The Belief State Is a Sufficient Statistic for the History

Claim

Let \(h_t = (a_0, o_1, a_1, o_2, \ldots, a_{t-1}, o_t)\) be the action-observation history up to time \(t\) in a POMDP, and let \(b_t(s) = P(s_t = s \mid h_t)\) be the belief at time \(t\). Then:

\(b_t\) is determined recursively from \(b_0\) and the Bayes filter; no further information from \(h_t\) is needed.
The conditional distribution of any future event given \(h_t\) equals the conditional distribution given \(b_t\) alone.

(Kaelbling et al. 1998)

Proof

We prove by induction on \(t\) that \(b_t(s) = P(s_t = s \mid h_t)\) depends on \(h_t\) only through \((b_0, a_0, o_1, \ldots, a_{t-1}, o_t)\) via the Bayes filter, and that \(s_t \perp h_{t-1} \mid b_t\).

Base case (\(t = 0\)). The initial belief \(b_0(s) = P(s_0 = s)\) encodes all information about \(s_0\). There is no history, so the condition holds trivially.

Inductive step. Assume \(b_t(s) = P(s_t = s \mid h_t)\) and that \(s_t \perp h_{t-1} \mid b_t\). We show \(b_{t+1}(s') = P(s_{t+1} = s' \mid h_{t+1})\).

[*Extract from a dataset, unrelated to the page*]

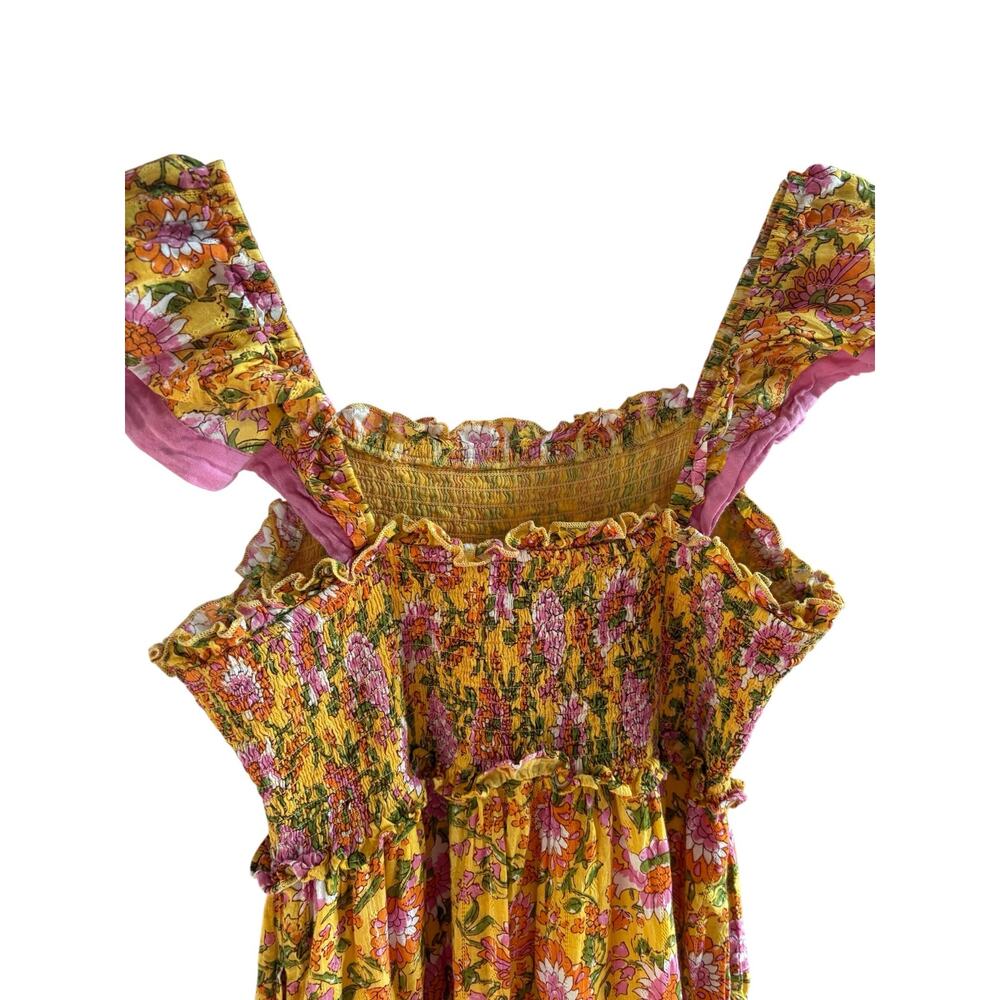 THML Women’s marigold/yellow floral dress, smocked bodice, pockets, ruffle, M - Picture 3 of 6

The history \(h_{t+1}\) extends \(h_t\) with action \(a_t\) and observation \(o_{t+1}\). By Bayes’ rule:

\[P(s_{t+1} = s' \mid h_{t+1}) = \frac{P(o_{t+1} \mid s_{t+1} = s', a_t)\, P(s_{t+1} = s' \mid h_t, a_t)}{P(o_{t+1} \mid h_t, a_t)}.\]

The numerator’s second factor expands by the Markov property of the transition model:

\[P(s_{t+1} = s' \mid h_t, a_t) = \sum_{s \in S} P(s' \mid s, a_t)\, P(s_t = s \mid h_t) = \sum_{s \in S} P(s' \mid s, a_t)\, b_t(s).\]

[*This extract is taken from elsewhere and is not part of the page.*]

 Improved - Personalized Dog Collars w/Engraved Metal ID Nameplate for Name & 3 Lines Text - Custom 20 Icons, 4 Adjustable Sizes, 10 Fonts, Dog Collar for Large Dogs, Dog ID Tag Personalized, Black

The observation probability is \(P(o_{t+1} \mid s_{t+1} = s', a_t) = O(o_{t+1} \mid s', a_t)\) by the POMDP observation model. Substituting:

\[P(s_{t+1} = s' \mid h_{t+1}) = \frac{O(o_{t+1} \mid s', a_t)\displaystyle\sum_{s} P(s' \mid s, a_t)\, b_t(s)}{P(o_{t+1} \mid b_t, a_t)} = b_{t+1}(s').\]

The right-hand side is exactly the Bayes filter update and depends on \(h_{t+1}\) only through \((b_t, a_t, o_{t+1})\). Since \(b_t\) is determined by \(h_t\) by the inductive hypothesis, \(b_{t+1}\) is determined by \(h_{t+1}\).

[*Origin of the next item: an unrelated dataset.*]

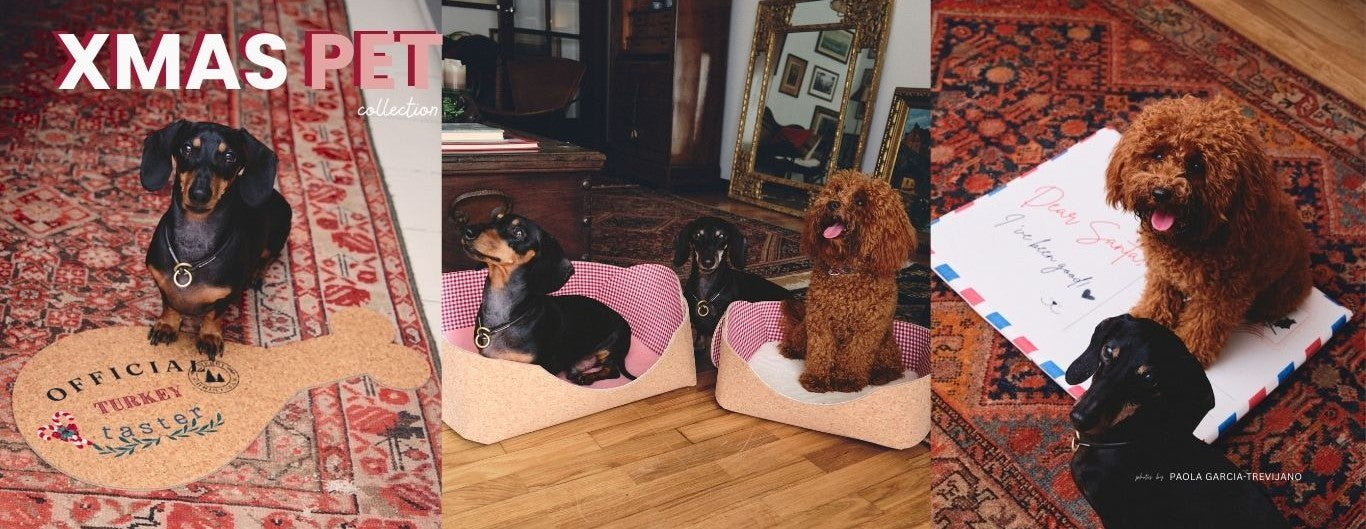 Collage of dogs on pet beds with 'XMAS PET' branding.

Future independence. For any \(\tau > t\), the future state \(s_\tau\) is conditionally independent of \(h_{t-1}\) given \(b_t\), because \(h_{t-1}\) influences \(s_\tau\) only through \(s_t\), whose distribution is fully captured by \(b_t\). Therefore the optimal policy from time \(t\) onward depends on \(h_t\) only through \(b_t\), and \(b_t\) is a sufficient statistic. \(\blacksquare\)

References

Kaelbling, Leslie Pack, Michael L. Littman, and Anthony R. Cassandra. 1998. “Planning and Acting in Partially Observable Stochastic Domains.” Artificial Intelligence 101 (1-2): 99–134. https://doi.org/10.1016/s0004-3702(98)00023-x.